= The Temple to Athena =

Tabletop role-playing game adventure

The Temple to Athena is a fantasy role-playing game adventure published by Dimension Six in 1980.

==Contents==
The Temple to Athena is a "generic" adventure (one that was not designed for a specific game system such as Advanced Dungeons & Dragons or Tunnels & Trolls) set at a temple in the middle of a large swamp. Although it can be played as a stand-alone adventure, it can also be treated as the direct sequel to another Dimension Six adventure, Mountain of Mystery. In this case, the player characters are teleported from the Mountain of Mystery setting directly to the temple in this adventure.

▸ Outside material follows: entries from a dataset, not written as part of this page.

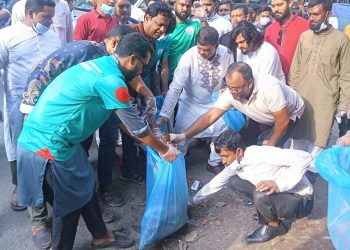 বরিশালে ডেঙ্গু প্রতিরোধে রহমাতুল্লাহর নেতৃত্বে পরিচ্ছন্নতা অভিযান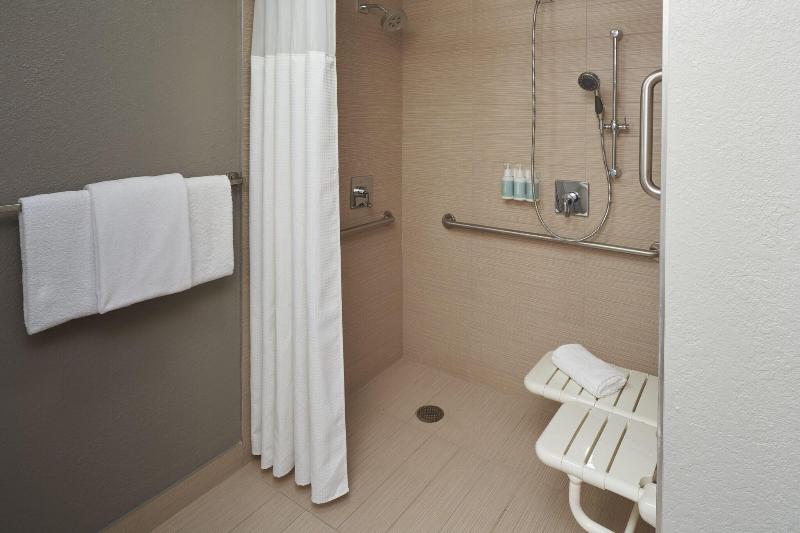 キングサイズベッドのスタンダードルーム, Courtyard By Marriott Fort Lauderdale Weston
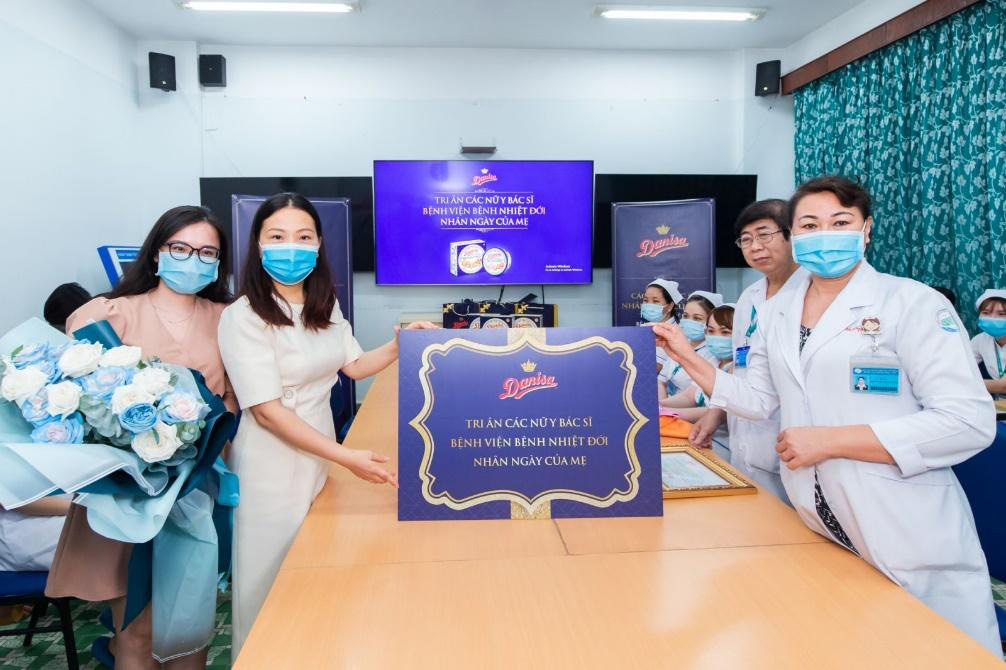C&ugrave;ng Danisa về b&ecirc;n mẹ, tạo g&oacute;c tri &acirc;n d&agrave;nh ri&ecirc;ng nữ ho&agrave;ng - Ảnh 5.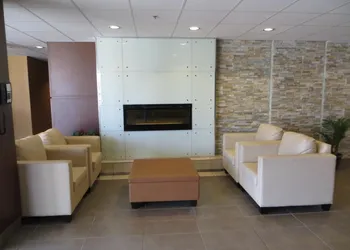 New Lodge Winnipeg hotel thumbnail 3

The adventure involves a series of quests that the adventurers agree to do for various groups and characters they meet on the way to the Temple to Athena.

==Publication history==
Dimension Six, based in Englewood, California, appeared in 1980 and published a number of products that year for fantasy role-playing including Furioso, The Nine Doctrines of Darkness, and Mountain of Mystery. Later the same year, they also published a sequel to Mountain of Mystery, a 24-page saddle-stapled softcover book titled The Temple of Athena, designed by Ken Ritchart, with artwork by Michael Carroll, Ray Schelgunov, Jr., and Vandy Vandervort.

==Reception==
Reviews were mixed, with all reviewers remarking on the amateurish typewritten pages and low productions values.

In the October 1980 edition of The Space Gamer (Issue No. 32), Lorin Rivers gave it a thumbs down: "All in all, a waste of [money]. Not recommended."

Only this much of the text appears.